* **AVAILABLE DATA**
+---+

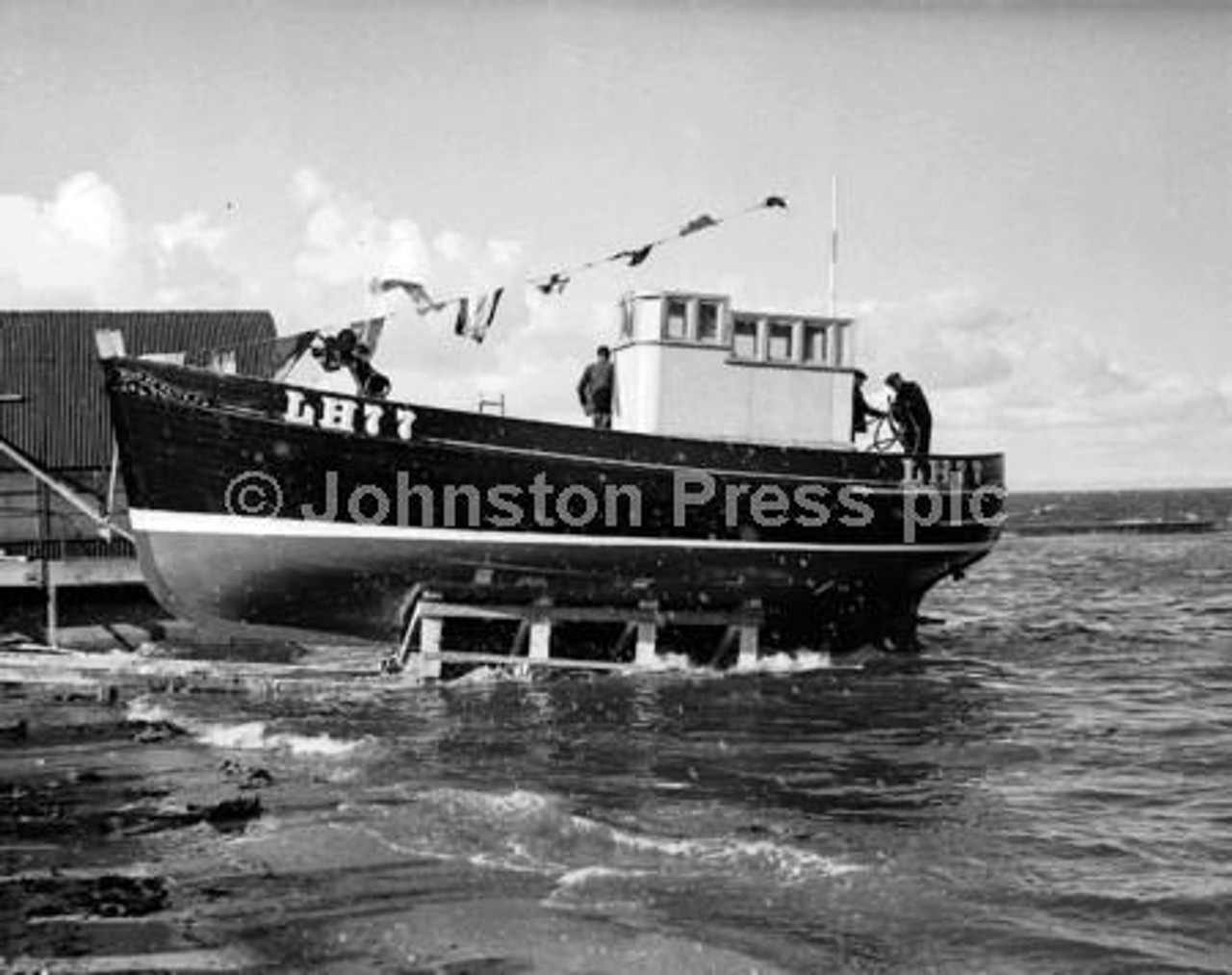 20923345-Launching of Star of Faith seine net fishing boat at Port Seton  Going down the slipway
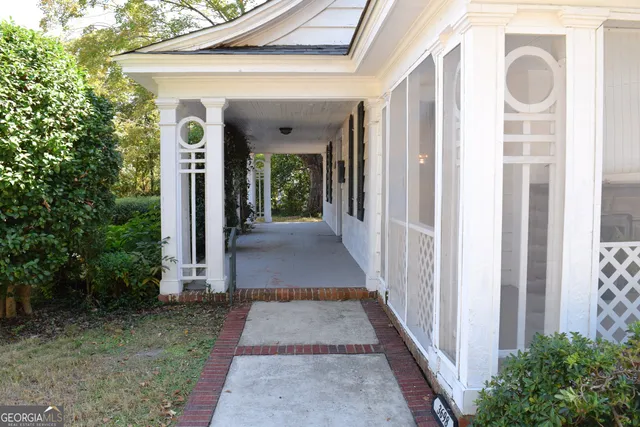a view of a pathway of a house with potted plants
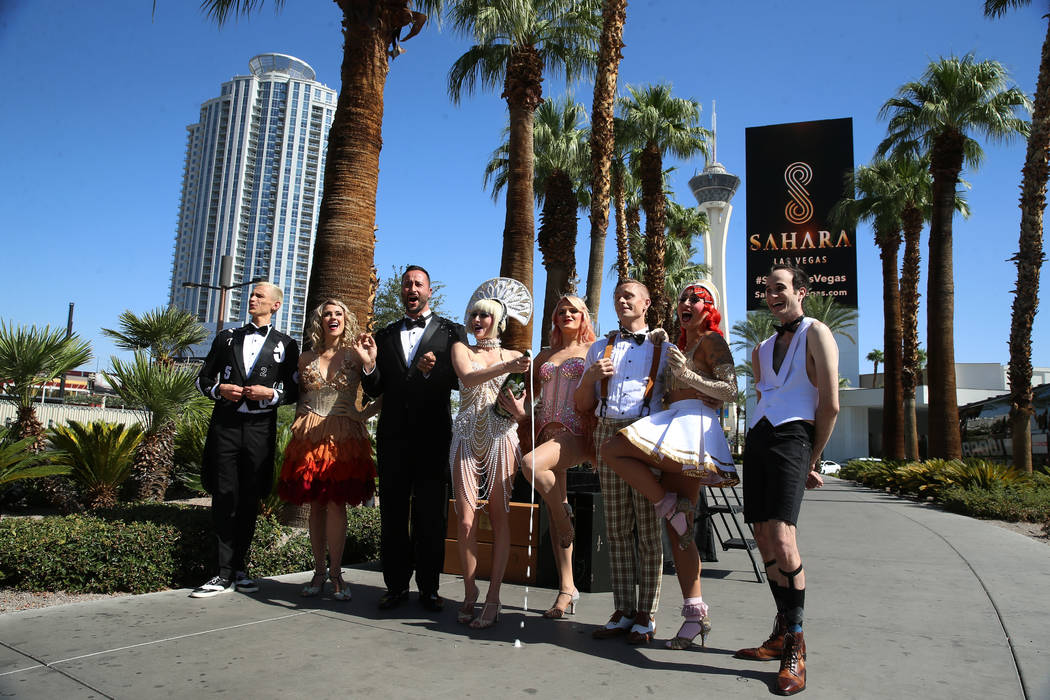 Cast members for Blanc de Blanc participate during the Sahara Las Vegas rebranding event outsid ...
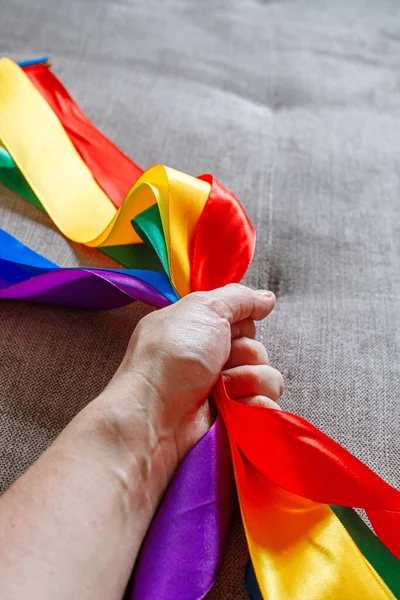 Band i lgbt regnbåge flagga färg i manlig hand med hjälp av hur man firar homosexuell, gay, lesbisk och koncept — Stockfoto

+---+

* **YOUR OBJECTIVE**
Within the listing above, find the line containing "a view of a", then print it and every line after it exactly, leaving out pictures.

* **ANSWER BELOW**
a view of a pathway of a house with potted plants
 Cast members for Blanc de Blanc participate during the Sahara Las Vegas rebranding event outsid ...
 Band i lgbt regnbåge flagga färg i manlig hand med hjälp av hur man firar homosexuell, gay, lesbisk och koncept — Stockfoto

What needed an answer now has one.